Hayatta hedefleri olmayan modern bir insanı hayal etmek zor. Her yerde sadece istenen hedefleri gerçeğe nasıl çevireceğinizi duyabilirsiniz. Amaçsız bir varoluş hoş karşılanmaz. Başarılı bir insanın hayatının ana sloganı, bir hedef belirlemek ve ona doğru ilerlemektir. İnsanın sadece istemesi gerekir ve her şeyi başarabilir.

Herkesin arzuları vardır, arzuları olabildiğince ayrıntılı olarak hayal etmenin gerekli olduğunu bilir veya duymuştur ve mutlaka hayatına girecektir.

Ancak gerçekte istenen hedeflere ulaşmak her zaman mümkün değildir. Hedefinize doğru yorulmadan gidebilir, zorlukların üstesinden gelebilirsiniz, ancak asla bir sonuç alamazsınız ve sonunda hayal kırıklığına uğrarsınız.

En maksatlı olanlar bile, hedeflerine ulaşmanın neden bu kadar zor olduğunu anlamadan pes eder. Hedef belirlenir, hedefe ulaşmak için plan düşünülür, eylemler yapılır, ancak sonuç yoktur.
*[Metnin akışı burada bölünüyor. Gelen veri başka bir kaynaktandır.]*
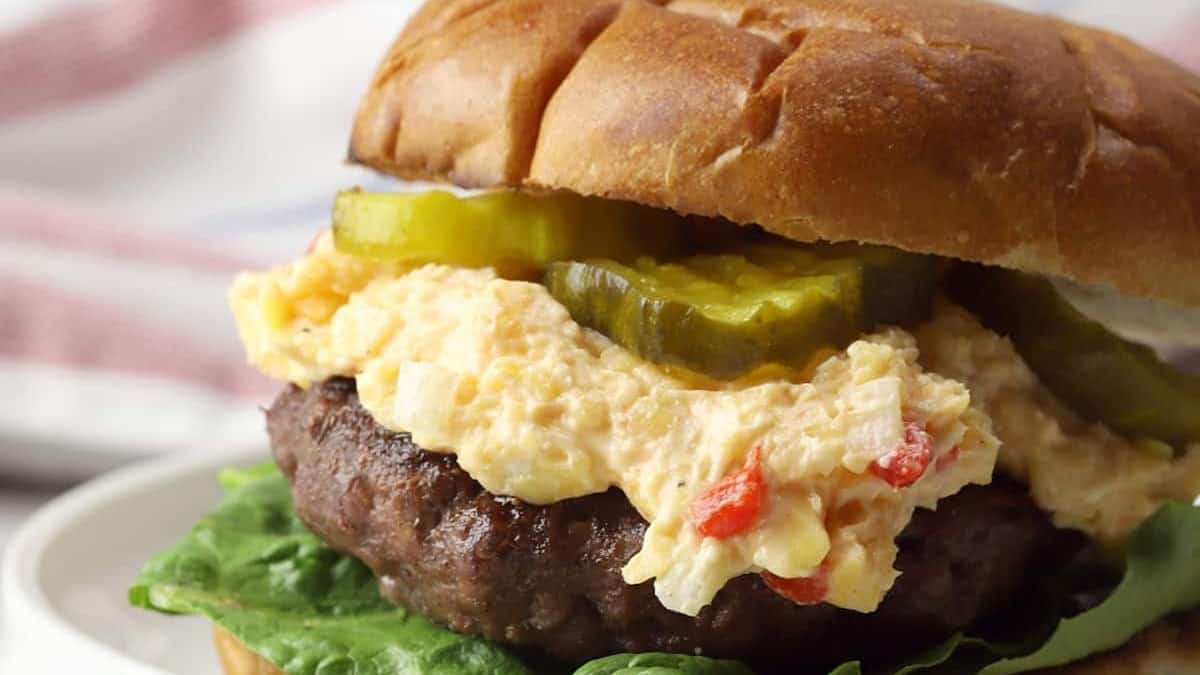 A burger with lettuce and pickles on a plate, served with side dishes.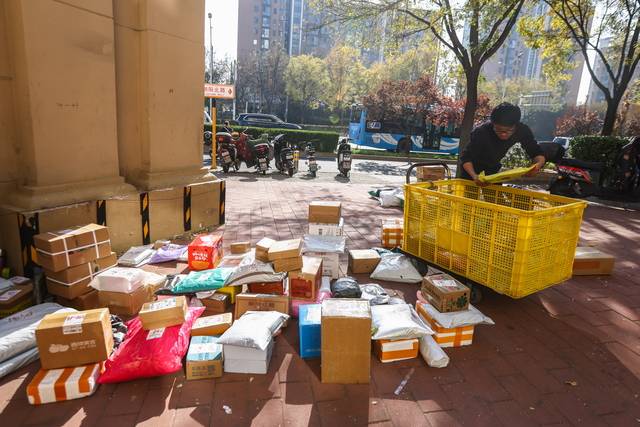 중국의 연중 최대 쇼핑 시즌 광군제를 맞잏나 11일 베이징의 한 아파트단지 앞에서 한 택배 기사가 배송 상품을 정리하고 있다. EPA 연합뉴스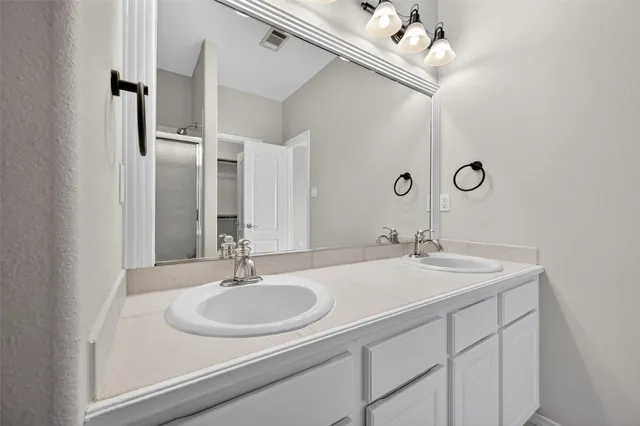 a bathroom with a shower and toilet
Bu aşamada aşağıdaki noktaları analiz etmeniz gerekir:

  • Bu hedef bana nasıl hissettiriyor?
  • Hedefime ulaştığım için mutlu muyum?
  • Bir hedefe ulaşarak birinin beklentilerini karşılamaya mı çalışıyorum yoksa ona kendim mi ulaşmak istiyorum?
  • Hedefe ulaşmanın sonucunu ne kadar ayrıntılı sunabilirim?

İçimizde yaşayan bilinçsiz korkular, hedeflere ulaşmayı durdurur, çünkü çoğu zaman hedef seçme aşamasında gizlenen birçok şüphe vardır. Ya kararım yanlışsa ve arzularım olması gerektiği gibi değilse? Hedeflerim çevremdeki insanların hayatlarına aykırı, beni onaylamıyorlar.

Doğru karar nasıl verilir? Hedef nasıl seçilir?

Pek çok hedef var ve sonra enerjinizi hangisine yönlendireceğinize, dikkatinizi odaklayacağınıza karar vermek daha da zor.

Bu durumda, hedefleri önem ve aciliyete göre sınıflandırmanın bir yolu yardımcı olabilir. Bunu yapmak için Eisenhower meydanını kullanabilirsiniz.

Neye ulaşmak istediğinize karar verdiniz, bir hedef seçtiniz ve görevler verdiniz. Ama yine de hiçbir şey yapmıyorsun.

Belki de burada tekrar hedef belirlemeye dönmeniz gerekiyor.

  • Bu seni nasıl hissettiriyor?
  • Sence doğru mu yanlış mı?
  • Başkalarının düşündüklerine ters düşüyor mu?

Duygular sorununu düşünün. Kararlar iki duyguya göre verilir: korku ve sevgi. Hedefinize, ona ulaşma perspektifinden bakın, hatta onu zaten başardınız. Şu anda birincil duygularınız neler?

Şu anda başınıza gelenleri anlamak, hedeflerinize ulaşmanın yolunu anlamanın anahtarıdır.

Hedefin doğruluğu veya yanlışlığı sorusu da önemlidir. Burada, çevrenizden kimlerin hedeflerinizi doğru veya yanlış olarak değerlendirme hakkına sahip olduğuna dikkat etmeniz gerekir. Bu hakkı kime verdiğinizi düşünün. Sonuçta, belirlenen hedeflerin doğruluğu veya yanlışlığı yalnızca sizin tarafınızdan belirlenebilir.

Belki de belirlediğiniz hedefin başkaları tarafından onaylanmadığını düşünüyorsunuz, büyük olasılıkla sizi desteklemeyen yakın insanlar. Hedefinizin yolunda reddedilme ile karşılaşırsanız, geri adım atmayın. İnan bana, bu hayalinden vazgeçmen için bir sebep değil. Etrafa bak. Kaç kişinin sizi desteklemeye hazır olduğunu göreceksiniz.